Community Corner

Family Talk: The Morning Drop-Off

How do you handle those morning tears?

The new school year, as you know, has already begun. Summer vacation has come to an end and our daily routines are back in play.

For the older ones, this routine is a tad easier to get back into. They understand that it's time to get back to school daily. It's my personal experience, especially with these first few days, that the older ones accept this matter of fact better, for lack of a better term, than the young ones.

My son just started the 4th grade, and while he does make jokes about school being "torture," he walks in every morning without a problem. He doesn't prolong his walk to the door, nor does he flat out stop to try and keep the inevitable from happening.

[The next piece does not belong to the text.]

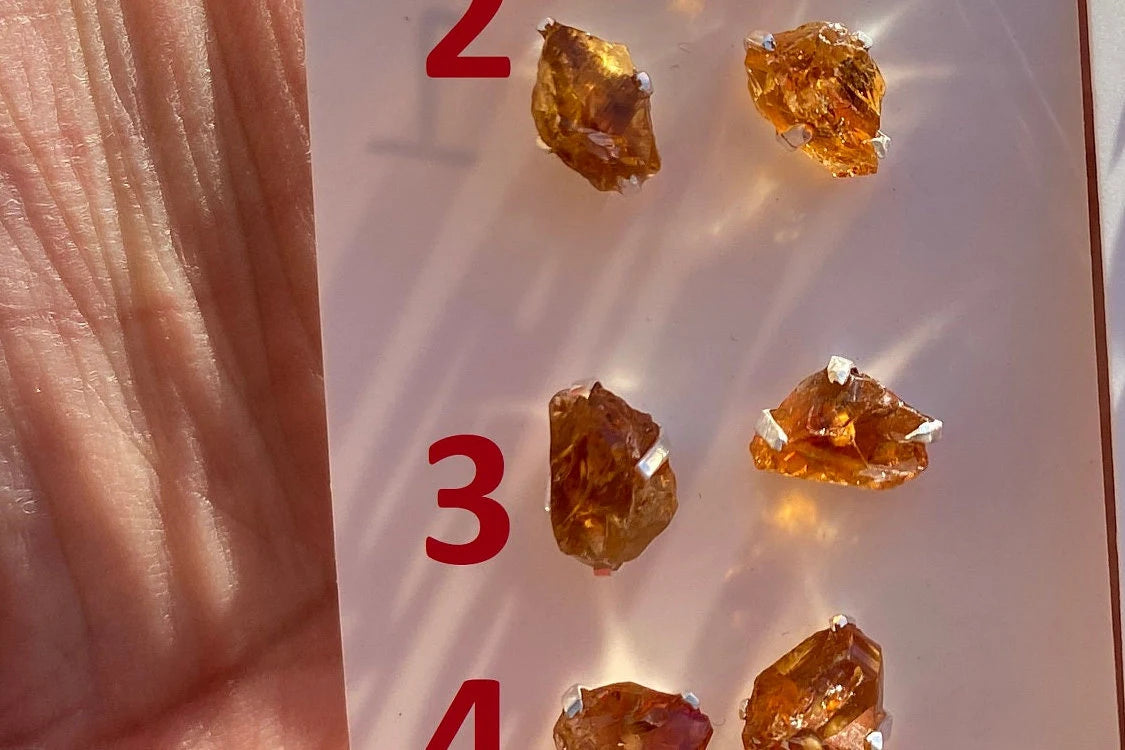 Tiny Raw Citrine Studs Earrings, Sterling Silver Earrings, Rough Citrine Sterling Silver Earring, Raw Citrine Earring, November Birthstone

He walks in, with a wave good-bye (because he's way too old for hugs and kisses) and that's that. My daughter, on the other hand, has days where a smile, kiss and hug are all that appear at the morning drop-off.

There are, however, days like today, where the steps slowly come to a crawl as we near the entrance and her body turns towards mine. Her face shows her desire before she gets a chance to cling to my hip, hug me and cry.

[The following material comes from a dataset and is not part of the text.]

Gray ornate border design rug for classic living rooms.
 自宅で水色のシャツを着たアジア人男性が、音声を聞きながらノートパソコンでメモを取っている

A little heart-breaking for me, but as a practical parent, I know that it is something that needs to be treated as if the emotions are unsubstantiated and unnecessary (of course when you know that your child is completely safe and happy after you leave).

So, I smile, at my 5 year old who is crying not to be left there, and remind her of all the fun activities she's been telling me about each day when I pick her up.

Passing her off to the teacher, telling her that she's going to have a great day, lots of fun, and that I love her, I begin to walk away, as she walks into the building.

I take a few steps, until she's not looking, and walk back towards the entrance to see how she's faring, as she continues to take her steps.

Now, she doesn't see me anymore at this point. And I can't help to wonder, does she think that I don't care about her feelings of not wanting to go? Does she think that I am not truly listening to her when she looks up at me, tears in her eyes, telling me that she wants to stay with me?

Maybe this has more to do with me than her. I was able to see her tears subside as she walked in, but my emotions, naturally, come into play. I wonder, how do other parents feel when they are dropping their young ones off to school and are met with the kind of experience I wrote about here. Do other parents get emotionally affected? Or do they see it as a part of the process of adjustment?